In materials released ahead of the meeting, regulators expressed several concerns. Regulators indicated that in Study 019 the magnitude of improvement observed was small — less than 2 points on a 24-point scale — and may not reflect a clinically meaningful improvement.

Regulators also expressed concern that Study 045, which was included in the submission to support the data in Alzheimer’s disease psychosis, suggests a differential response to pimavanserin across dementia subtypes. They believe it was not powered to determine an effect in the included dementia subgroups. Regulators said the Alzheimer’s and Parkinson’s disease subgroups appeared to respond differently to pimavanserin. With 123 subjects (63%), the Alzheimer’s subgroup 8 was the largest subgroup, yet the results in the Parkinson’s subgroup of 35 patients (18%) in Study 045 appeared to drive the overall study results.

Regulators indicated they don’t believe that Alzheimer’s and Parkinson’s psychosis are closely-related conditions.

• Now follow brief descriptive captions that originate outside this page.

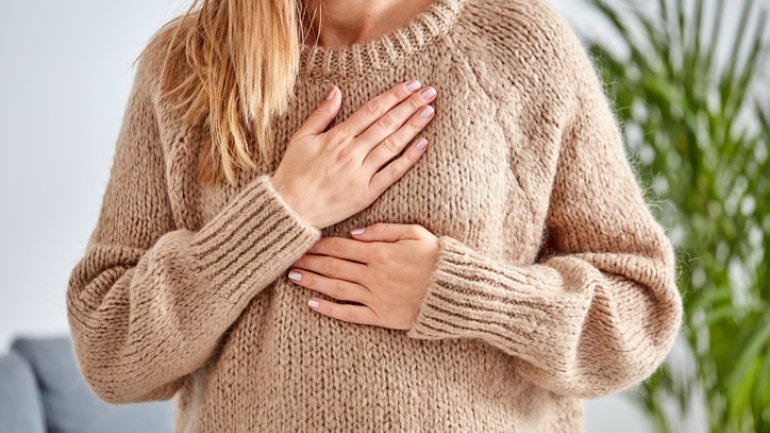 Extrasystolen: Frau hält Hand auf Brust bei Herzstolpern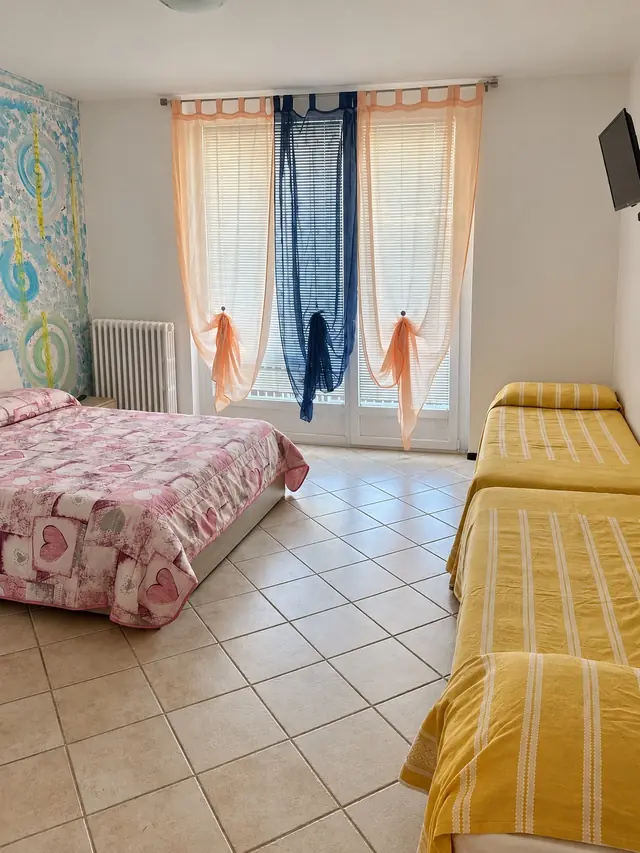 Camera per quattro, con il letto matrimoniale, due letti singoli e la portafinestra luminosa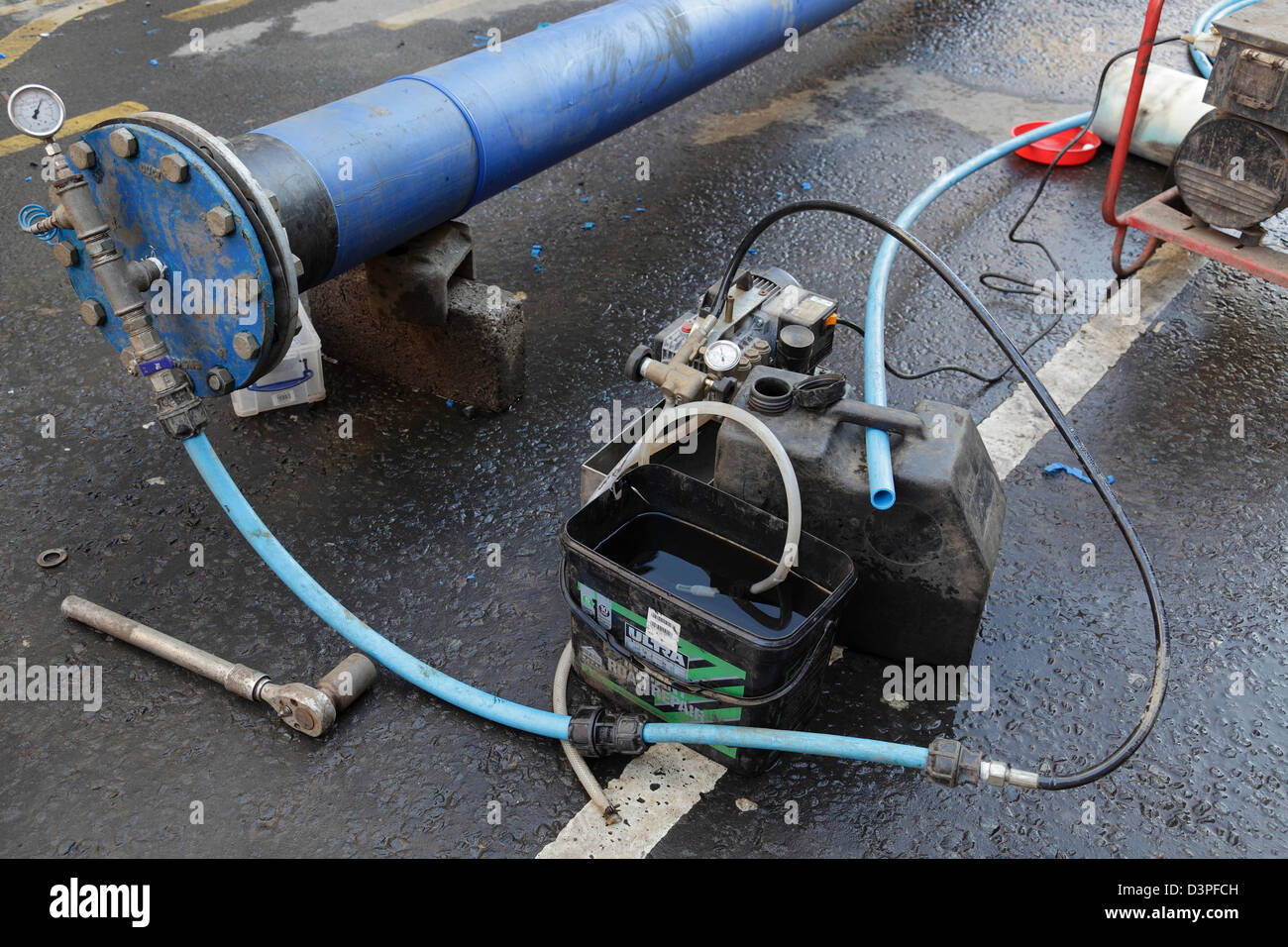 Pressure testing a pipe being installed during repairs to a water main, Scotland, UK, Europe Stock Photo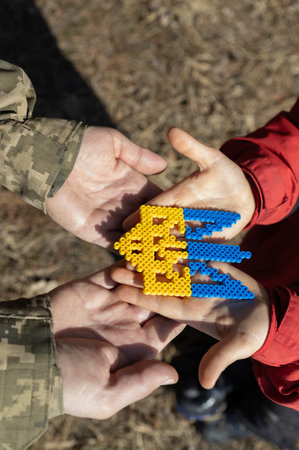 yellow-blue trident - national symbol of Ukraine - in hands of a child and an adult in an army...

After the vote, Dunn suggested the submitted trials show some evidence that pimavanserin can be effective in Alzheimer’s psychosis but further study is warranted to reach a conclusion.

“For the study 45, there are two conclusions I can make. One is that there is a different response between Alzheimer’s and Parkinson’s psychosis and that it can be very effective as a maintenance treatment for Parkinson’s disease psychosis. In the Alzheimer’s patients it would not support efficacy in the Alzheimer’s population.”